6. NO RESCISSION OF RELEASES. As a part of the foregoing releases, each
Party acknowledges that it understands and accepts the risk that the facts with
respect to which this Agreement is entered into may be different from the facts
now known or believed by it to be true. The releases provided by this Agreement
shall remain in all respects effective and shall not be subject to termination
or rescission by virtue of any such differences in fact.
7. COVENANTS NOT TO XXX.
(a) The Parties hereby covenant and agree not to commence
against each other any action or proceeding of any nature whatsoever with
respect to any of the claims hereby released. The Parties hereby further
covenant and agree not to join in or to participate in any action or proceeding
based upon, arising out of or relating to the claims hereby released, unless
such participation is compelled by order of a court of competent jurisdiction.
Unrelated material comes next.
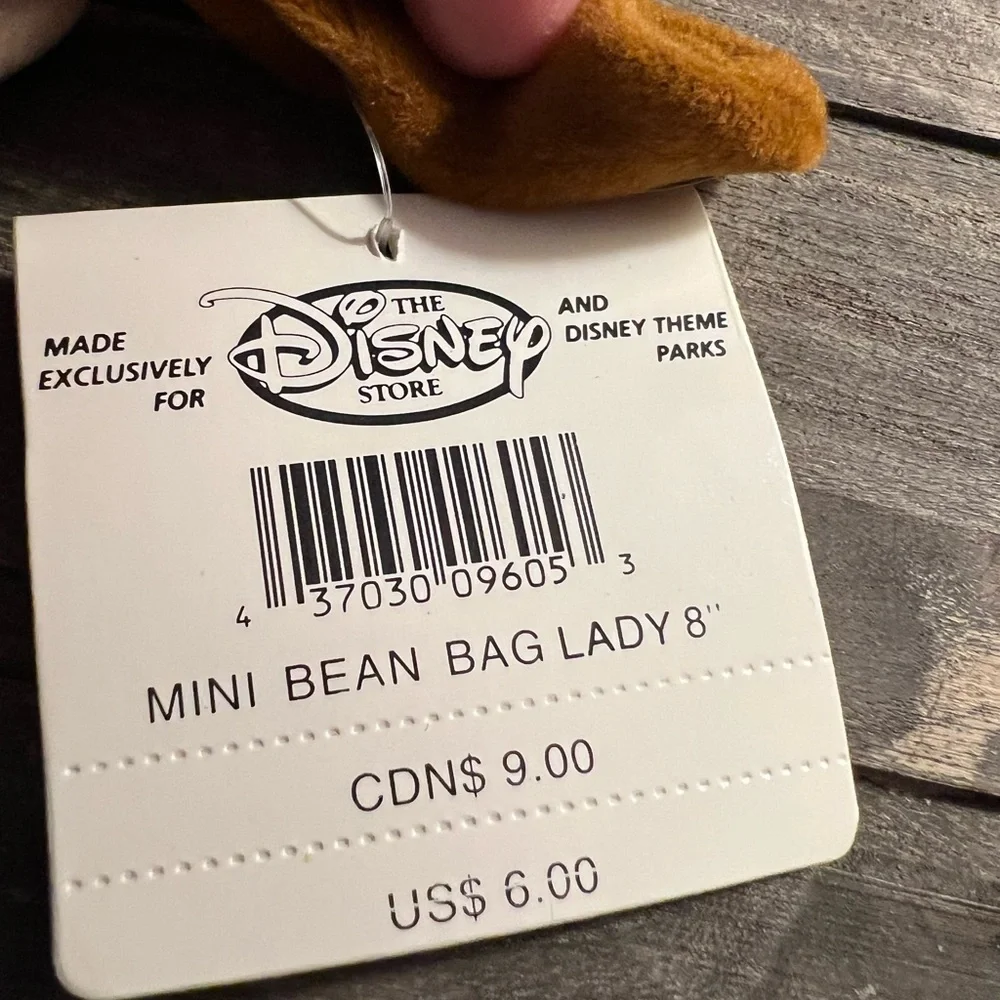 Disney Lady & Tramp Mini‎ Bean Bag Vintage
(b) The Parties hereby covenant and agree not to take any
acts inconsistent with the intent and purposes of the releases provided by this
Agreement.
8. NO ASSIGNMENT OF RELEASED CLAIMS. Each Party represents and warrants
to the other Party that it has not assigned or transferred, and will not assign
or transfer, to any person or entity any of the claims hereby released.
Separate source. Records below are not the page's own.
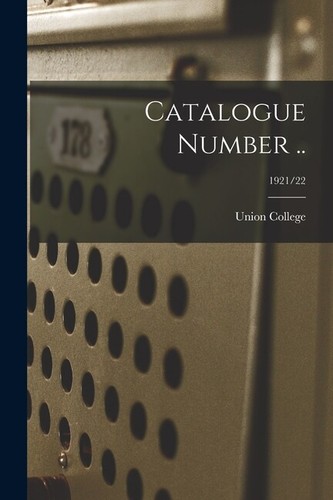 Catalogue number 1921 22 - number, 1921/22
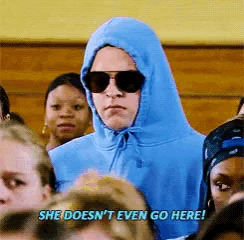 Guy In Blue Jacket Secretive GIF
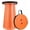 All Orange, variant on Upgraded Folding Stool Lightweight Yet More Sturdy with Load Capacity 400lbs Portable Collapsible Stool for Camping Fishing Hiking BBQ (Pink)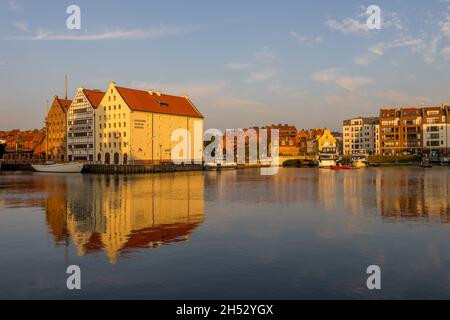 GDANSK, POLONIA - 07 ottobre 2021: Il Museo Nazionale Marittimo di Gdansk, Polonia Foto Stock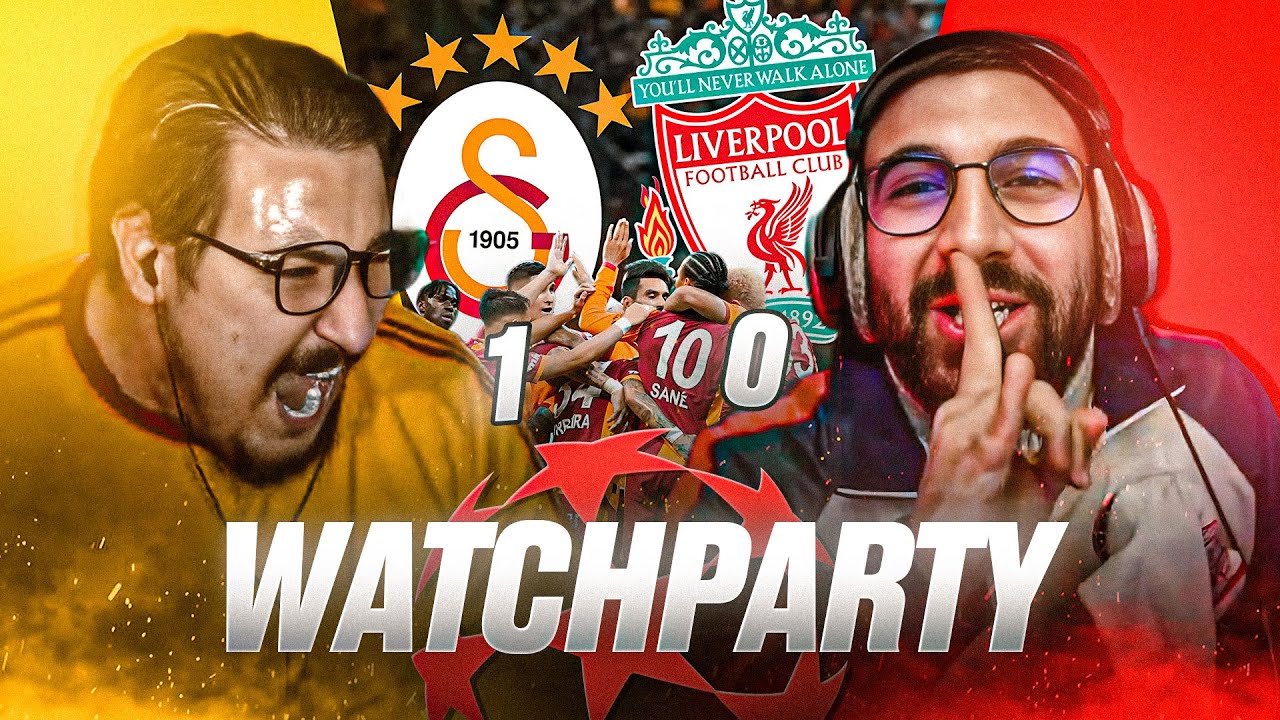 ICH HAB ES EUCH GESAGT 🤬 GALATASARAY vs. LIVERPOOL Watchparty 🤩 mit Mert & Talha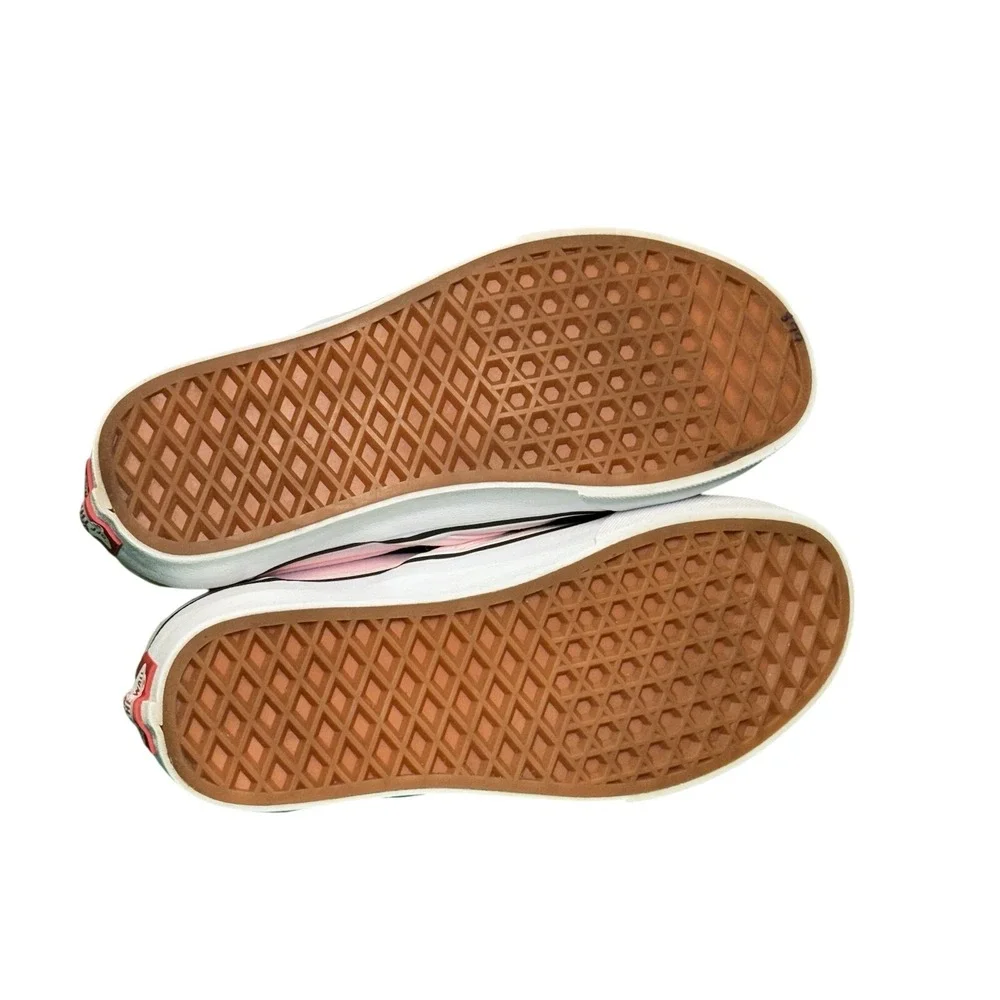 Vans Classic Slip-On Pink Canvas Skate‎ Shoes Mens 3.5 Womens 5.0 Kids 3.5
9. NO ADMISSION OF WRONGDOING. Each Party acknowledges and agrees that
this Agreement contemplates and provides for the resolution of disputed claims,
and that no Party makes any admission of fact or of any wrongdoing. By this
Agreement, no Party admits any liability to the other Party, except as set forth
expressly to the contrary herein.
10. MISCELLANEOUS.
(a) Independent Advice. Each Party acknowledges that it has
consulted with and has relied upon its own legal counsel as it deemed necessary
in connection with the negotiation, execution and delivery of this Agreement.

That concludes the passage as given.